Your answer must be only the lines below from the one containing "Piyalee 6 Dn" through the one containing "New York City", copied exactly, with the pictures left out.

**Supplied material:**
++++++

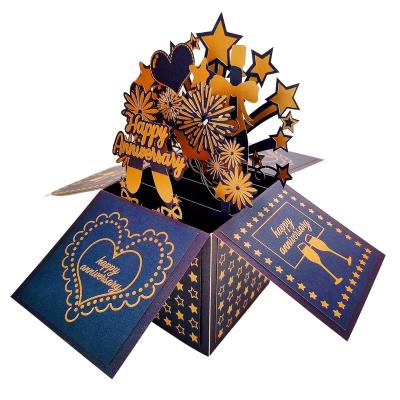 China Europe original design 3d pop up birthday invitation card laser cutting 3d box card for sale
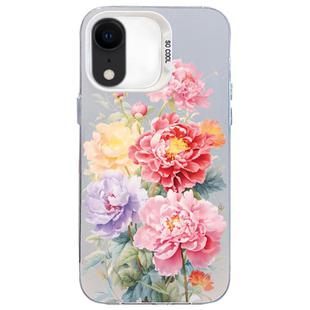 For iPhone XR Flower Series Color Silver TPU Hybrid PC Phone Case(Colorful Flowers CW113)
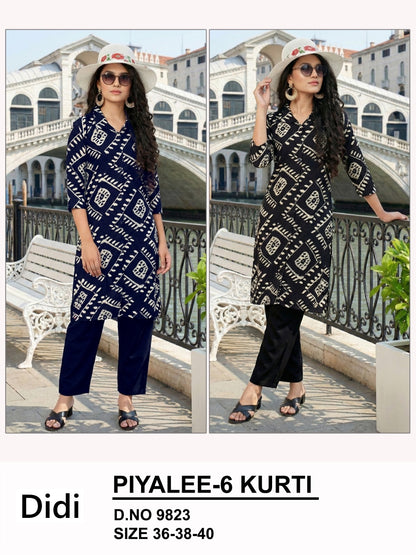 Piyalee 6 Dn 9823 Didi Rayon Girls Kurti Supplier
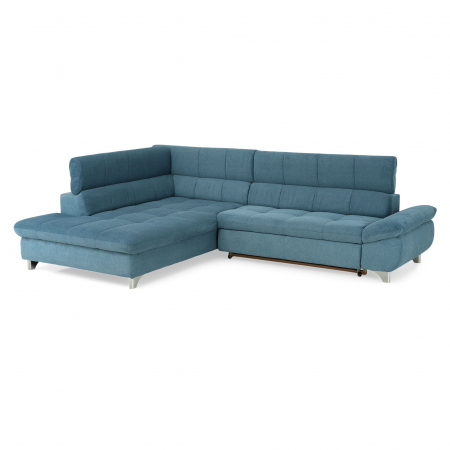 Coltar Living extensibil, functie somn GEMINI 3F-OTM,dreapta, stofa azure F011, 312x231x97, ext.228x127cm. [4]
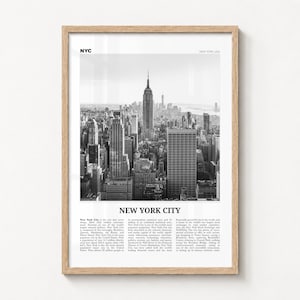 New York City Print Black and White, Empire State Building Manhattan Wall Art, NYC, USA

++++++

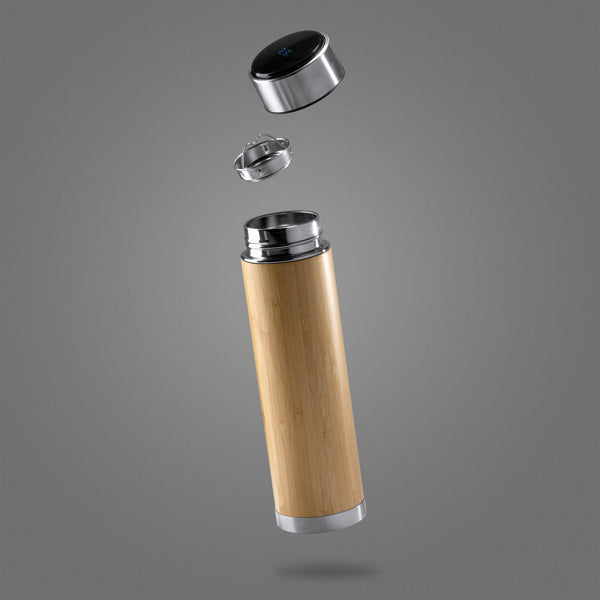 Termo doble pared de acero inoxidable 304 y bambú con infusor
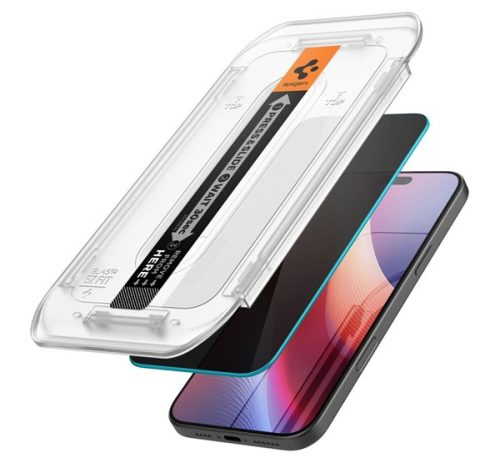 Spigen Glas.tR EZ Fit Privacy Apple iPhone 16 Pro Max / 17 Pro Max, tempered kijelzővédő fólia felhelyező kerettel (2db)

++++++

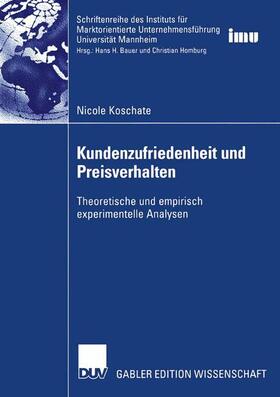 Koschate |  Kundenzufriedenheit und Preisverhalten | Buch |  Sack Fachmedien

++++++

**Exercise response:**
 Piyalee 6 Dn 9823 Didi Rayon Girls Kurti Supplier
 Coltar Living extensibil, functie somn GEMINI 3F-OTM,dreapta, stofa azure F011, 312x231x97, ext.228x127cm. [4]
 New York City Print Black and White, Empire State Building Manhattan Wall Art, NYC, USA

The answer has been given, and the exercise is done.